Databricks

SohelKhan · ‎02-22-2016

Pyspark 1.6: DataFrame: Converting one column from string to float/double

I have two columns in a dataframe both of which are loaded as string.

DF = rawdata.select('house name', 'price')

I want to convert DF.price to float.

DF = rawdata.select('house name', float('price')) #did not work

DF[DF.price = float(DF.price)) # did not work

DF.price = DF.price.astype(float) # Panda like script did not work

Would you please help to convert it in Dataframe?

I know how to convert in the RDD: DF.map(lambda x: float(x.price)

But, I am trying to do all the conversion in the Dataframe.

Note: My platform does not have the same interface as the Databrick platform, in which you can change the column type during loading the file.

raela · ‎03-11-2016

The

cast

function can convert the specified columns into different dataTypes.
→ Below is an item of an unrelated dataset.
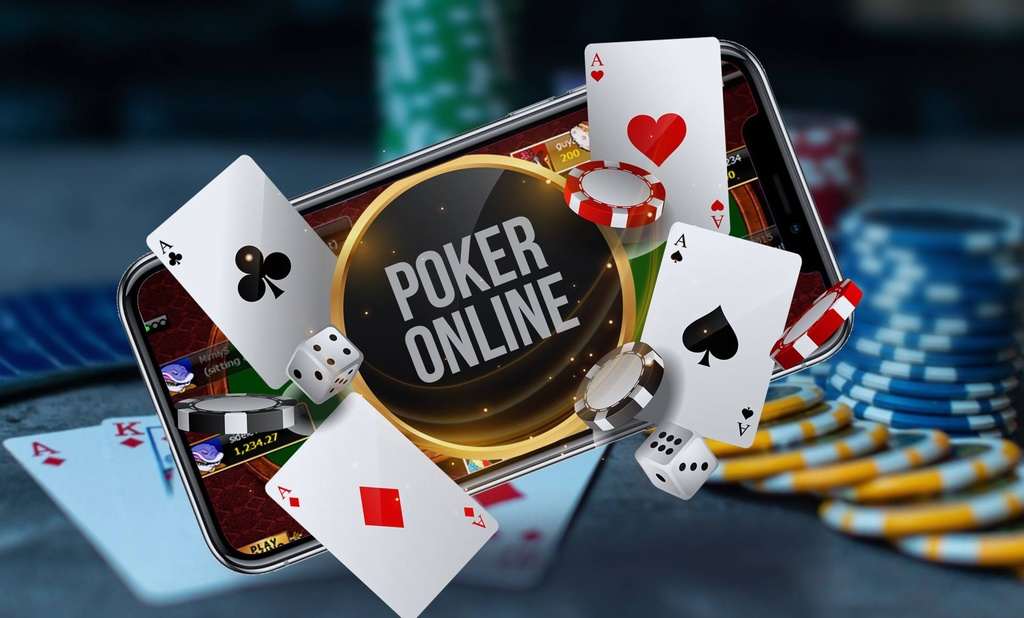 Factor and Strategies Winn Poker Online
You shouldn't need a UDF to do this. If rawdata is a DataFrame, this should work:

https://spark.apache.org/docs/latest/api/python/pyspark.sql.html#pyspark.sql.Column.cast

df = rawdata.select(col('house name'), rawdata.price.cast('float').alias('price'))
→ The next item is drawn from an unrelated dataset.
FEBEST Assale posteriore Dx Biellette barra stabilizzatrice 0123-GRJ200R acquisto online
View solution in original post

zjffdu · ‎02-24-2016

You can use udf to do that. But unfortunately , there's no builtin for this type conversion.

sqlContext.udf.register("float",lambda x:float(x))

from pyspark.sql.functions import expr

DF = rawdata.select('house name', expr(float('price'))

SohelKhan · ‎02-27-2016

I fixed it as follows:

from pyspark.sql.functions import udf

from pyspark.sql.types import StringType

def string_to_float(x):

  return float(x)

udfstring_to_float = udf(string_to_float, StringType())

rawdata.withColumn("name",udfstring_to_float("numberfloat") )

Out[8]: DataFrame[name: string, number_int: int, numberfloat: double]

SohelKhan · ‎02-28-2016

Thanks for the suggestion. Sorry though, it did not work.

from pyspark.sql.functions import udf

sqlContext.udf.register("float",lambda x:float(x))

from pyspark.sql.functions import expr

DF = rawdata.select('name', expr(float('numberfloat')))

---------------------------------------------------------------------------

ValueError Traceback (most recent call last)

<ipython-input-13-243d7c9f050e> in <module>()

4from pyspark.sql.functions import expo

5---->

6DF = rawdata.select('name', expr(float('numberfloat')))

ValueError: could not convert string to float: numberfloat

raela · ‎03-11-2016

The

cast

function can convert the specified columns into different dataTypes. You shouldn't need a UDF to do this. If rawdata is a DataFrame, this should work:

https://spark.apache.org/docs/latest/api/python/pyspark.sql.html#pyspark.sql.Column.cast

df = rawdata.select(col('house name'), rawdata.price.cast('float').alias('price'))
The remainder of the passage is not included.